*** Dataset records Section Begins ***
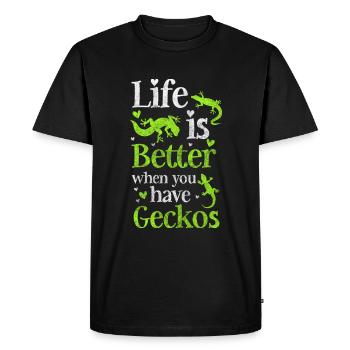 Geckos Lizard Terrarium - T-shirt Premium bio Homme - noir - Devant - Nico (187cm)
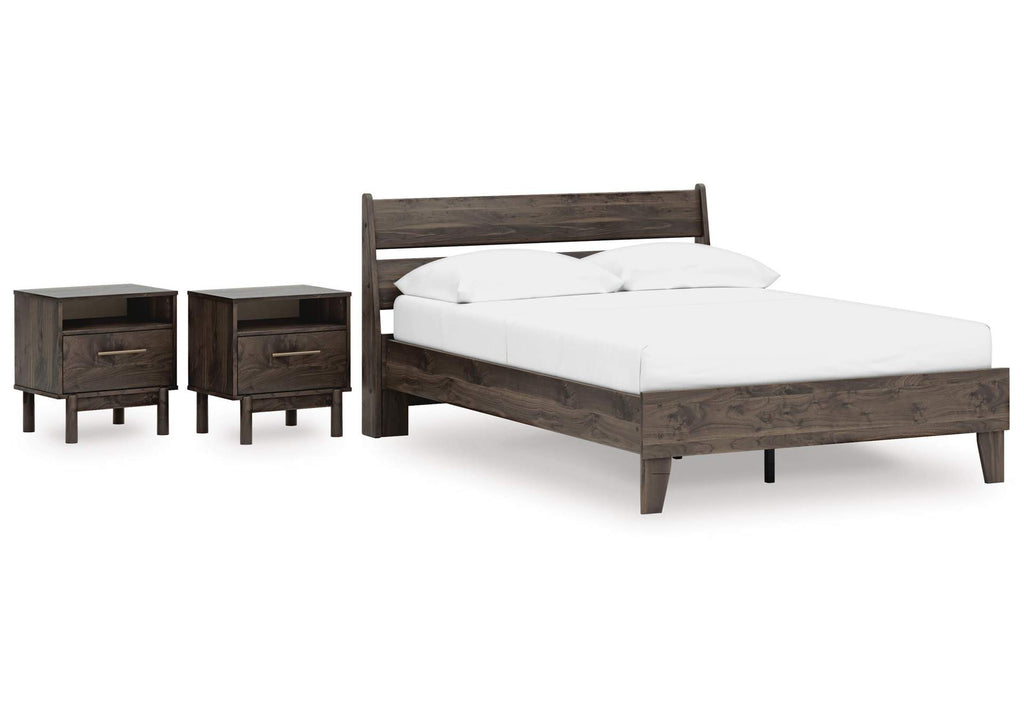 Calverson Full Panel Platform Bed and 2 Nightstands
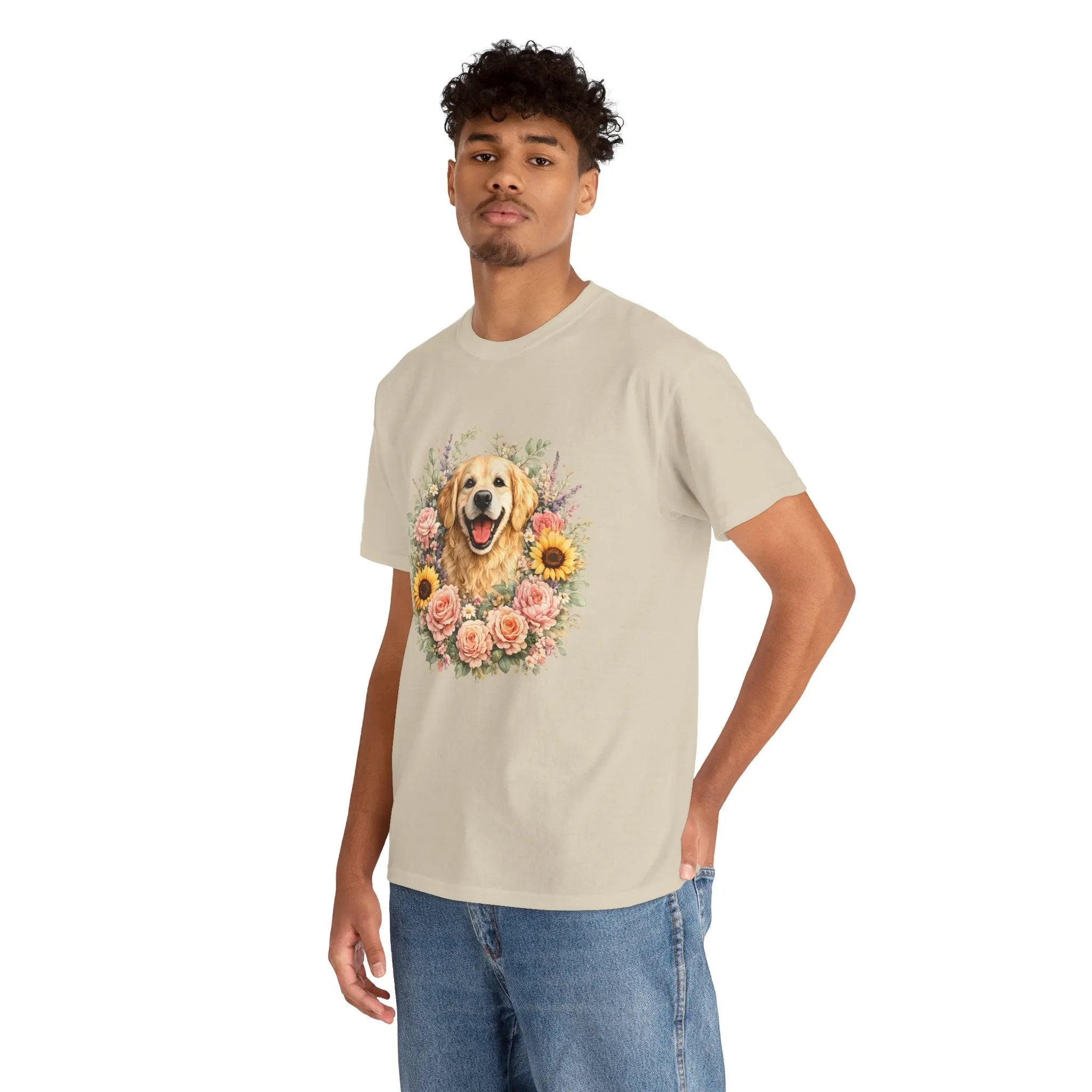 Golden Retriever Floral Tee — Happy Dog with Sunflowers & Roses Printify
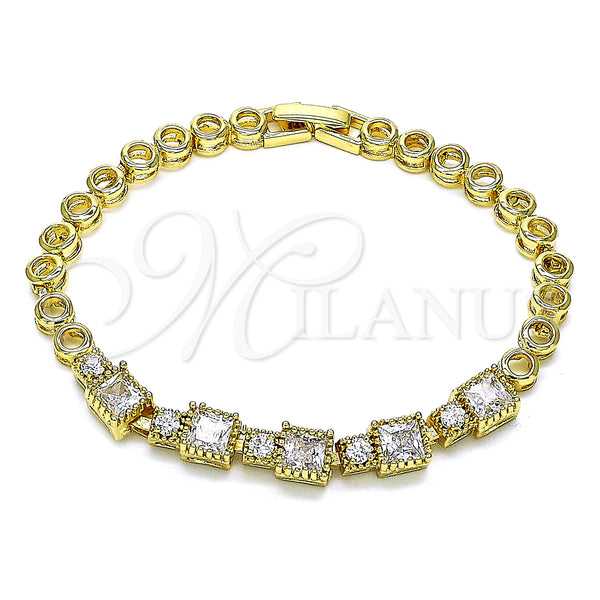 Gold Filled Bracelet — Fancy Bracelet with White Cubic Zirconia Polished 03. — main product view — SKU 146904 | Oro Laminado brazalete — elegante Bracelet with blanco Cubic Zirconia pulido 03. — SKU 146904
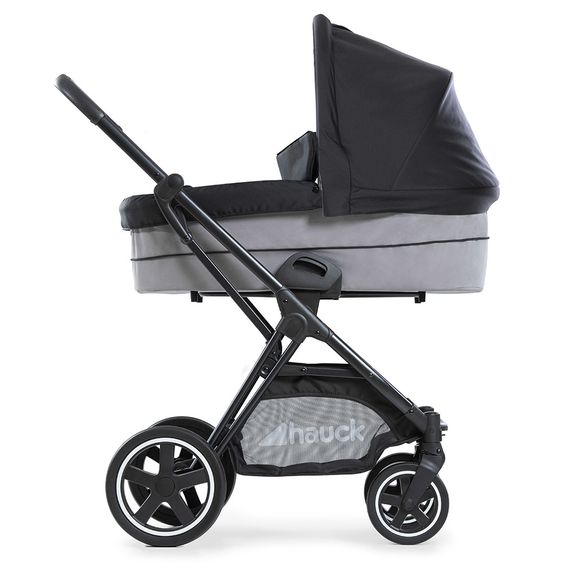 Hauck Kombi-Kinderwagen Mars Duoset inkl. Sportwagen & Babywanne für Neugeborene - Caviar Stone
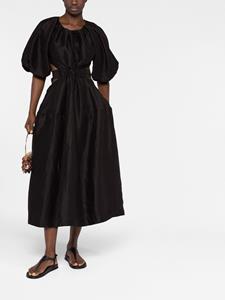 Aje Midi-jurk met pofmouwen - Zwart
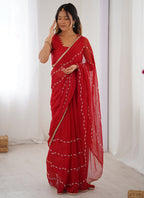 Vegaa Fashion Red Smooth Sitara Fabric Moti & Val Sequence Designer Saree | Grocsy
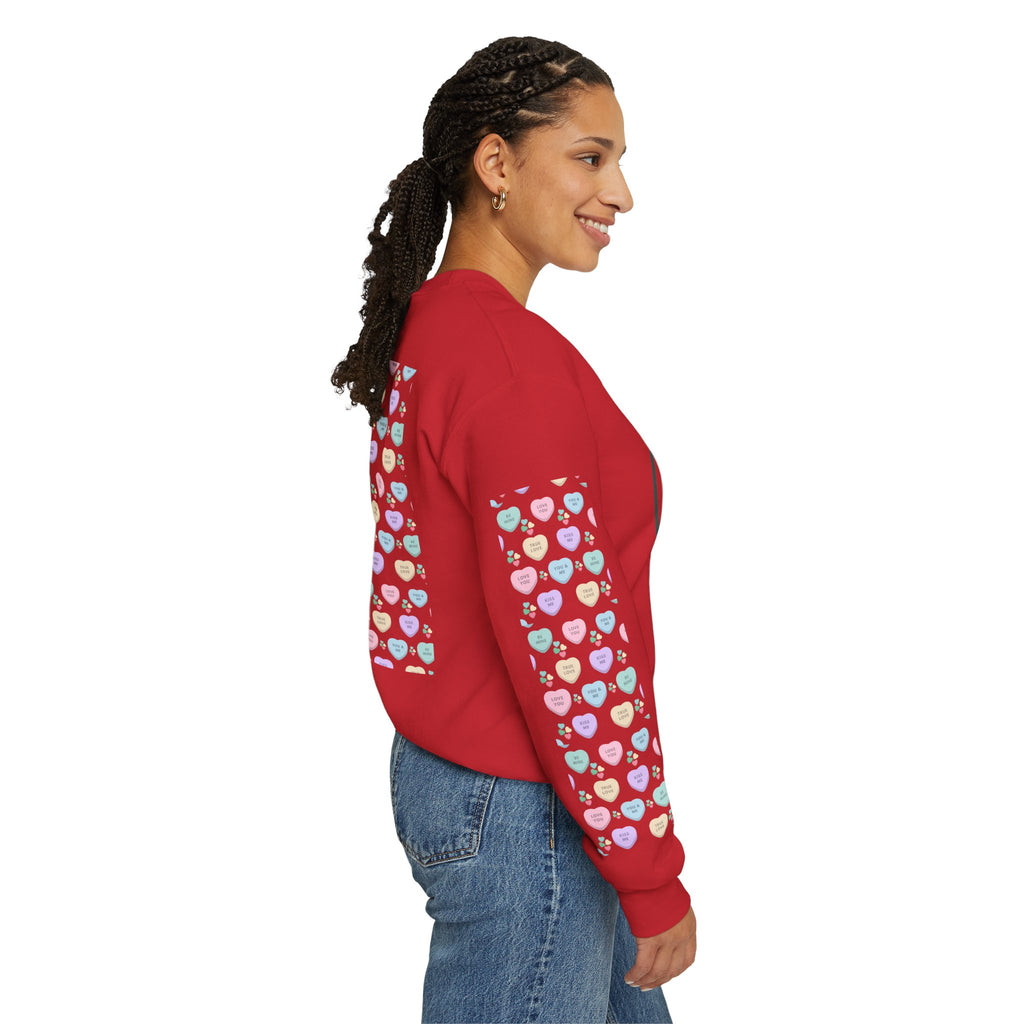 Candy Kisses Valentines Day Crewneck Sweatshirt | Heart Sweater | Candy Sweater |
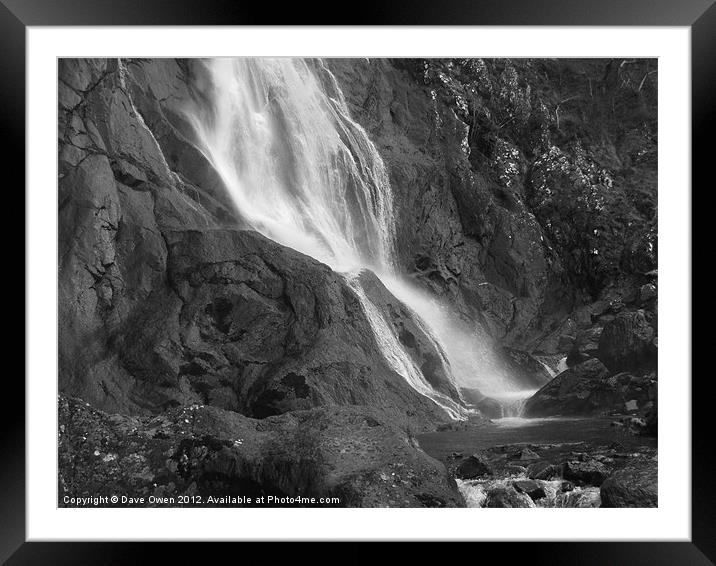 Aber Falls, Snowdonia Framed Mounted Print by Dave Owen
*** Dataset records Section Ends ***
Start with the line holding "Calverson Full Panel" and repeat exactly every line through the final line of the records above, but no pictures and nothing more.

- **Solution for this exercise**:
 Calverson Full Panel Platform Bed and 2 Nightstands
 Golden Retriever Floral Tee — Happy Dog with Sunflowers & Roses Printify
 Gold Filled Bracelet — Fancy Bracelet with White Cubic Zirconia Polished 03. — main product view — SKU 146904 | Oro Laminado brazalete — elegante Bracelet with blanco Cubic Zirconia pulido 03. — SKU 146904
 Hauck Kombi-Kinderwagen Mars Duoset inkl. Sportwagen & Babywanne für Neugeborene - Caviar Stone
 Aje Midi-jurk met pofmouwen - Zwart
 Vegaa Fashion Red Smooth Sitara Fabric Moti & Val Sequence Designer Saree | Grocsy
 Candy Kisses Valentines Day Crewneck Sweatshirt | Heart Sweater | Candy Sweater |
 Aber Falls, Snowdonia Framed Mounted Print by Dave Owen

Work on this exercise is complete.